Yet, the MNS has not only been shown to be involved in processes that underlie our emotional and social engagement with the actions of others. It also, as David Freedberg and Vittorio Gallese (2007) have argued, might be a necessary component in our engagement with traces of the artist in artworks (they discuss visual art and the motor engagement with brushstrokes and cuts in the canvas). The interesting discovery is that the motor system responds to the presence of visible signs in the artifact without any human figure explicitly present (see, e.g., Umiltà et al. 2012). In a recent series of studies, Katrin Heimann and colleagues have applied MNS paradigms to the study of filmic means. They used different edits (continuity versus noncontinuity editing) or different camera and lens movements (zoom vs dolly cam vs steady cam) to film the same scene. As they discovered, those different configurational aspects of the presentation of a scene engage the motor system differentially (see Heimann et al. 2017 for cuts, and see Heimann et al. 2014 for other camera movements).

For camera movements, they have been able to show that the steady cam elicits a stronger mu rhythm desynchronization (which is a marker of motor resonance in humans) compared to a zoom. In each of their self-produced scenes, there is an actress/actor present, who is grasping or passing an object. The more naturally embodied approach via the steady cam might therefore allow an approach to the scene in which we experience ourselves “carried over” to them, and we might exert motor mimicry to the actions they execute (as the mirror paradigm predicts) that is stronger because we feel closer to them. Yet the stronger motor activity found in the steady cam condition might not only be due to motor resonance with the actions of the actress/actor; it could also be partially due to an engagement with the marks of the camera movement that we experience in the succession of frames.2

The stronger motor activity found in the steady cam condition might not only be due to motor resonance with the actions of the actress/actor; it could also be partially due to an engagement with the marks of the camera movement that we experience in the succession of frames.

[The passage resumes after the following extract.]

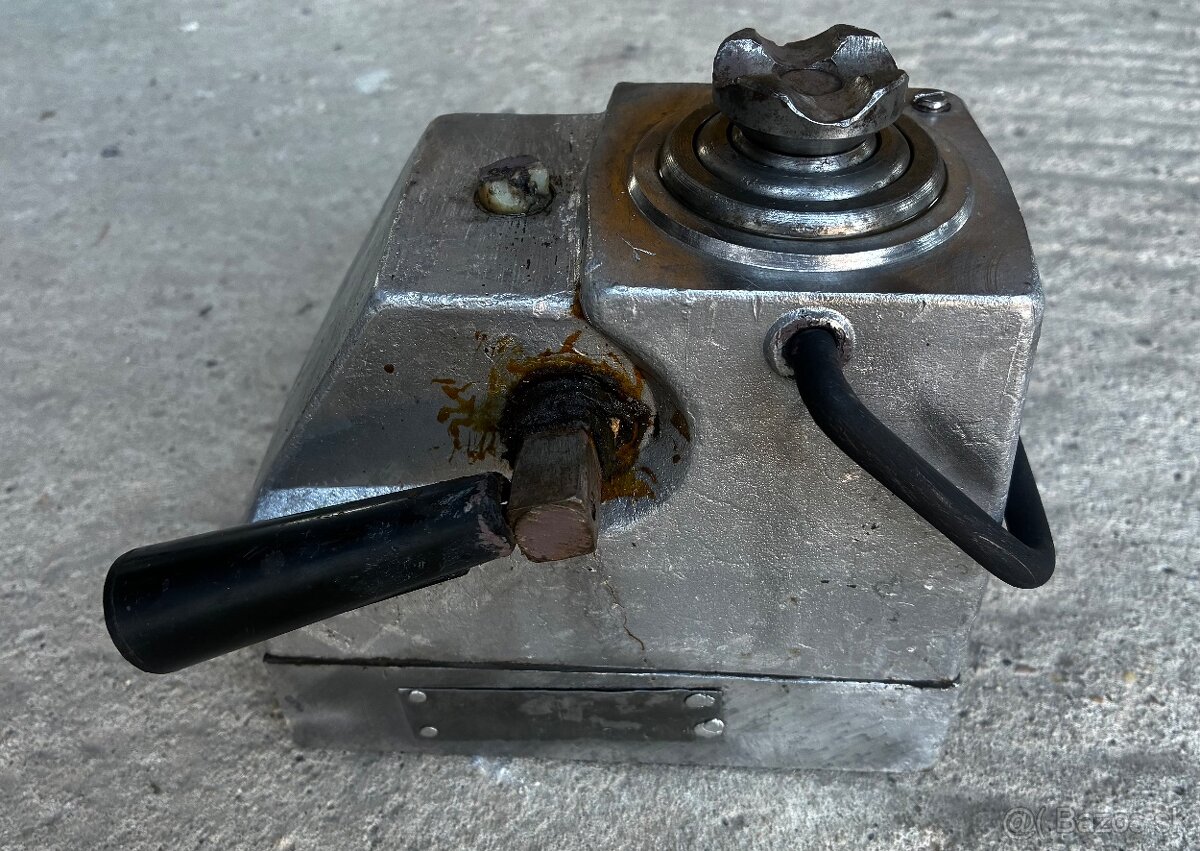 Zdvihák / Hever - 11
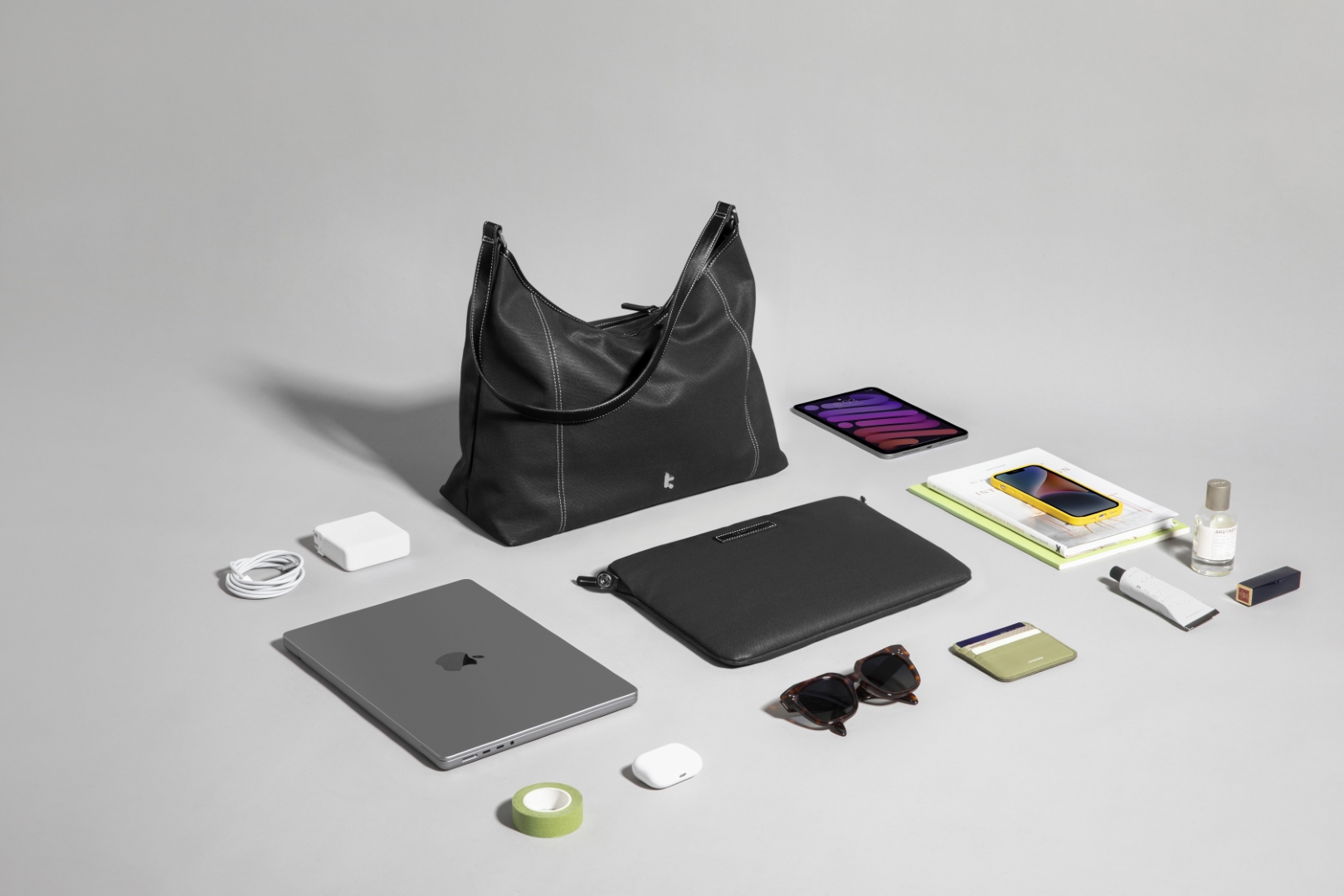 Combo Túi Xách Và Túi Chống Sốc Tomtoc Versatile - T28 Laptop Tote T28M1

Similar things can be shown for different edits of the same scene. Here, they found hemispheric differences with respect to motor activity comparing continuity edits with violations of continuity editing rules, such as the “cut across the line,” in which the camera’s perspective jumps over an imaginary line between two actors that defines the “allowed” 180-degrees of all the possible angles that a camera could take with respect to them.

Motor Responses to Strangers on a Train

With these additional insights, let’s turn to Smith’s discussion of the scenes in Strangers on a Train. The dramatic situation at this point in the movie is the following: Guy (the good guy) has to win a tennis match as fast as possible in order to stop Bruno (the bad guy), who is on his way to plant an incriminating lighter that belonged to Guy at the scene of a murder. As already mentioned, Smith highlights the role of facial mimicry and emotional contagion: we experience time-pressed desperation in both protagonists’ faces, which is made possible and enhanced by close-ups. We now also can address MNS activity that refers to a broader spectrum of filmic means used in these sequences. The subempathic mechanisms that Smith has implicated in his explanations are also employed in further engagements with configurational features used by Hitchcock, and can therefore inform our analysis of those scenes.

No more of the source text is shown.